O governo Ratinho Jr. tem dado ênfase a pequenos projetos de sustentabilidade, como ocorreu em janeiro deste ano ao anunciar a polinização de parques urbanos com abelhas sem ferrão.

A propaganda governamental ainda utiliza a imagem da harpia, ave em extinção por causa da diminuição de florestas, para dizer que o Paraná é sustentável.

Várias organizações afirmam que o governo está longe de atuar de forma adequada, estratégica e baseada em dados científicos para conter a crise hídrica e as mudanças climáticas no estado. Ao todo, 22 entidades paranaenses e brasileiras, entre elas a Confederação Nacional dos Bispos do Brasil (CNBB), o Instituto Brasileiro de Conservação da Natureza e o Centro Cultural Brasil EUA Interamericano, pediram em carta publicada na nesta quarta-feira a revisão dos projetos aprovados com o recurso da Petrobras, já que esta é uma oportunidade única de avançar na pauta ambiental do estado.

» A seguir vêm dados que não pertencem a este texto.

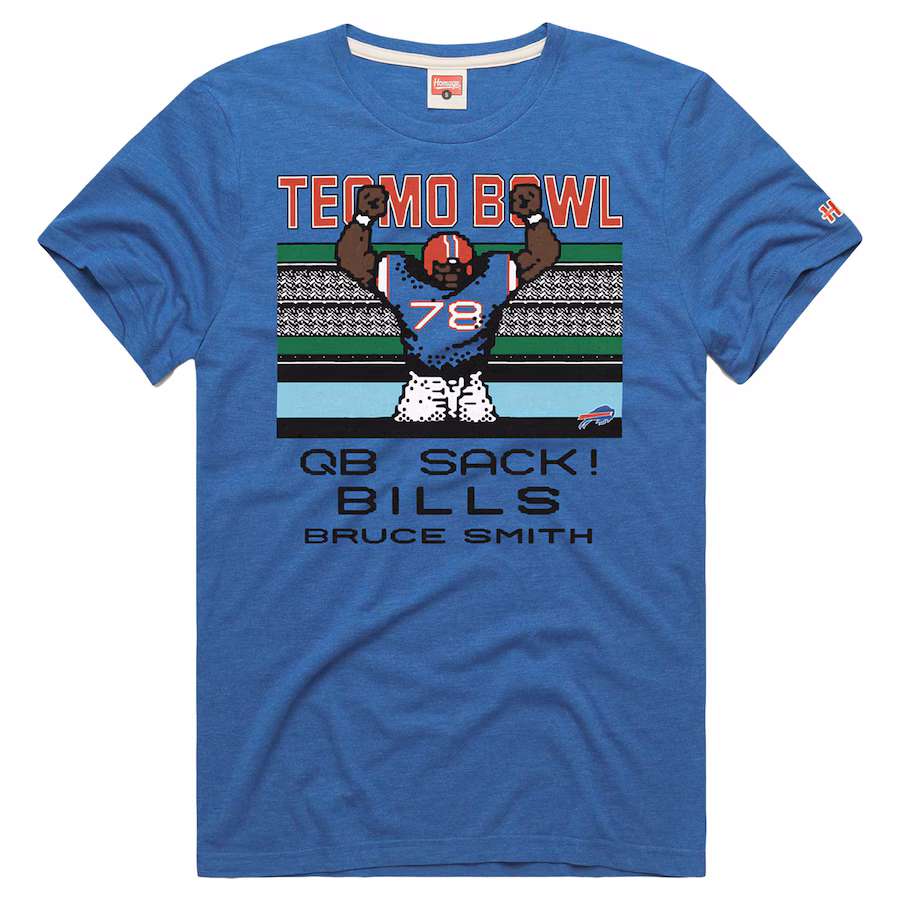 Men's Buffalo Bills Bruce Smith Homage Royal Tecmo Bowl Retired Player Graphic Tri-Blend T-Shirt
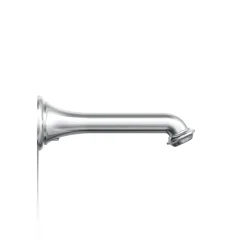 Wall-mount bath spout with turned design
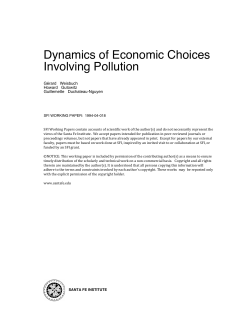 Dynamics of Economic Choices Involving Pollution
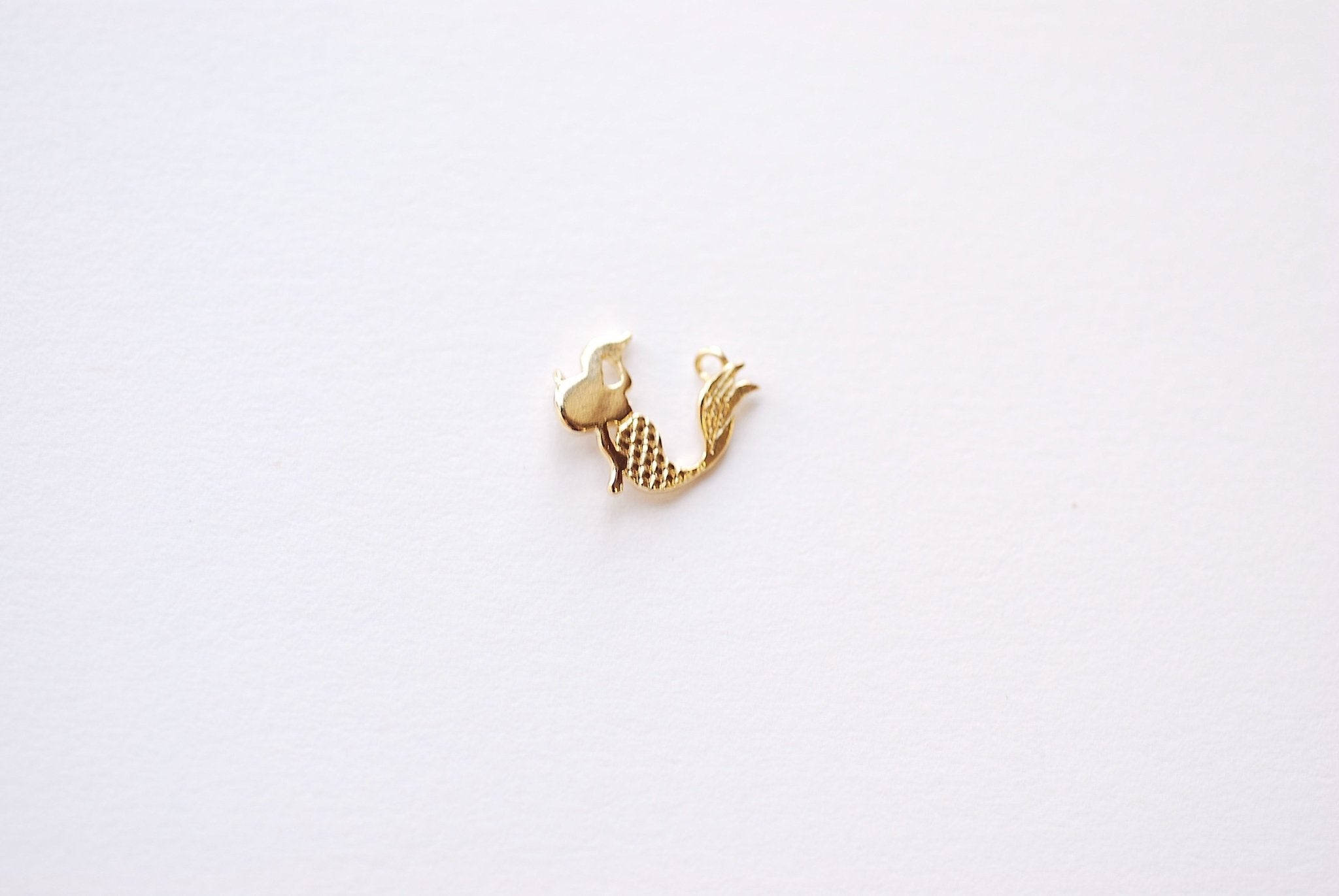Gold Mermaid Connector Charm - 18k gold plated over Brass charm pendant Mermaid Brass Pendant Connector Link B227 - HarperCrown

Pelo acordo celebrado entre o Ministério Público e a Petrobras, em decorrência do desastre ambiental no município de Araucária em 2000, a indenização deve ser destinada à conservação, proteção, restauração e monitoramento ambiental de áreas do patrimônio natural do estado. Entre as áreas naturais estão unidades de conservação, áreas de proteção permanente e a Bacia Hidrográfica do Alto Iguaçu, principal região afetada pelo desastre.

Governo do Paraná quer usar 11,6 milhões de reais do recurso para conservação ambiental na abertura e manutenção de estradas rurais. Foto: Balsa Nova/OJC.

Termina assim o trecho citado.